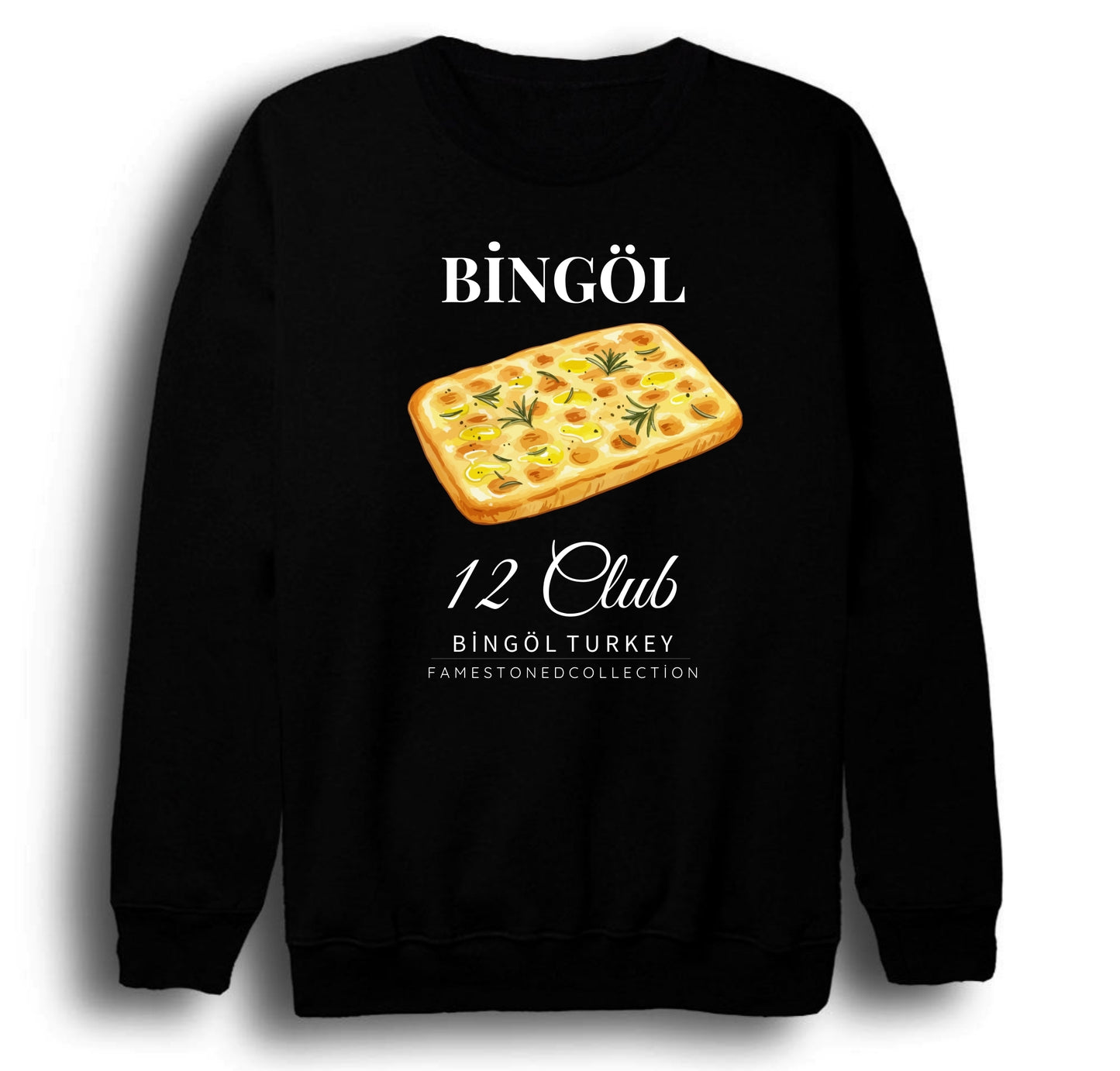 Bingöl - 12 - Dağ - Doğa - Kültür - Şehir Baskılı Unisex %100 Pamuk Bisiklet Yaka Siyah Sweatshirt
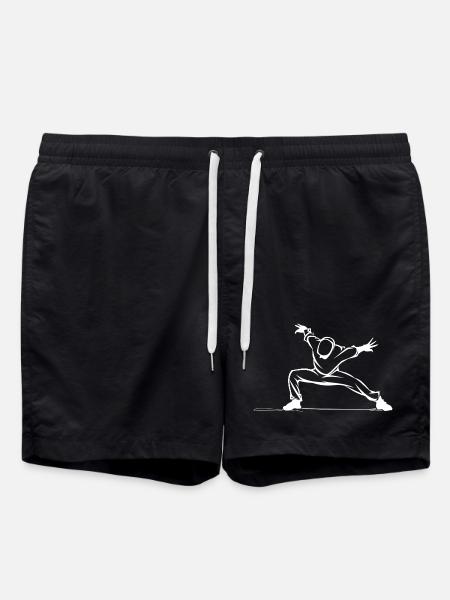 Breakdancer Drawing - Swim Trunks - black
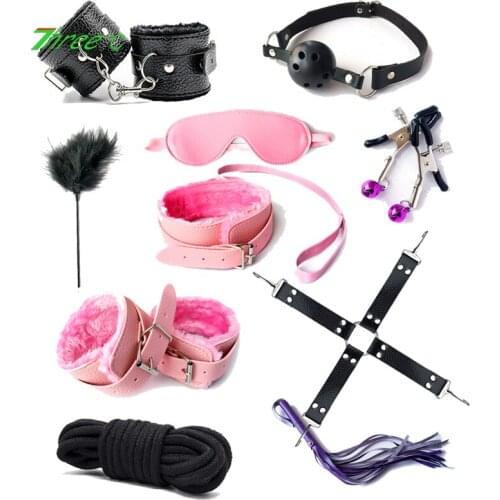 Adult SM Products Leather Plush 10pcs Set Handcuffs Nipple Clamps Whip Rope Sex Toys Couples Cosplay Kits Sex Tools For Bondage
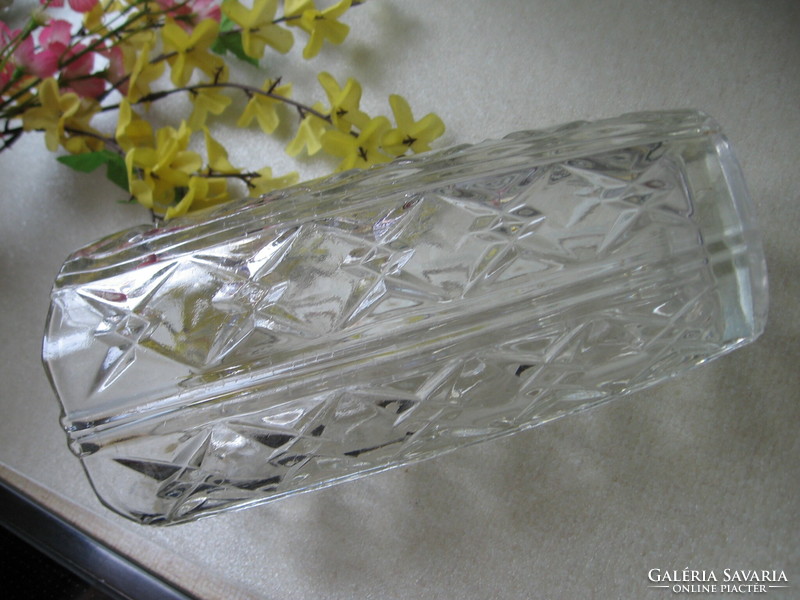 Art deco vastag csillag mintás üveg váza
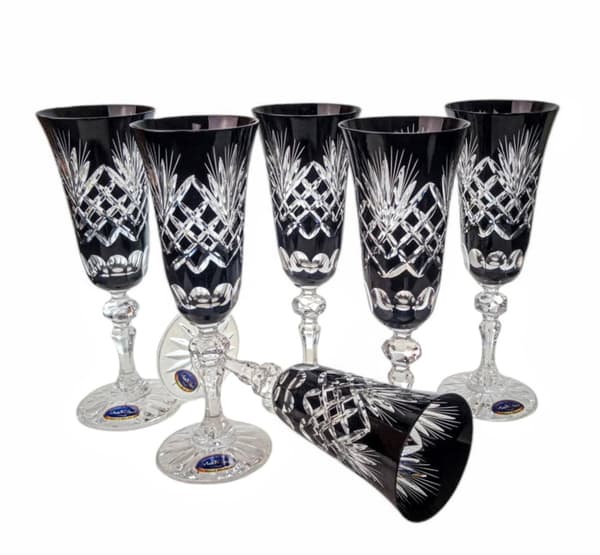 Sorte krystal champagneglas 150 ml Ananas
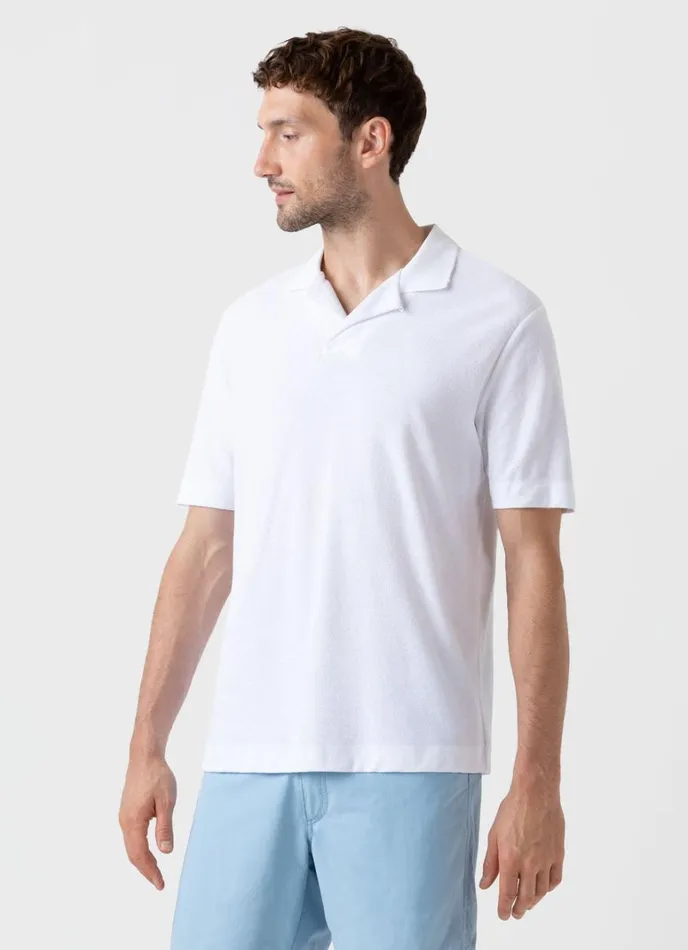 SUNSPEL Polo Shirts Towelling Polo Shirt White 8211 Men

○ ○ ○

Please repeat all of the data exactly as it stands, leaving the pictures out.

**Your response:**
 Bingöl - 12 - Dağ - Doğa - Kültür - Şehir Baskılı Unisex %100 Pamuk Bisiklet Yaka Siyah Sweatshirt
 Breakdancer Drawing - Swim Trunks - black
 Adult SM Products Leather Plush 10pcs Set Handcuffs Nipple Clamps Whip Rope Sex Toys Couples Cosplay Kits Sex Tools For Bondage
 Art deco vastag csillag mintás üveg váza
 Sorte krystal champagneglas 150 ml Ananas
 SUNSPEL Polo Shirts Towelling Polo Shirt White 8211 Men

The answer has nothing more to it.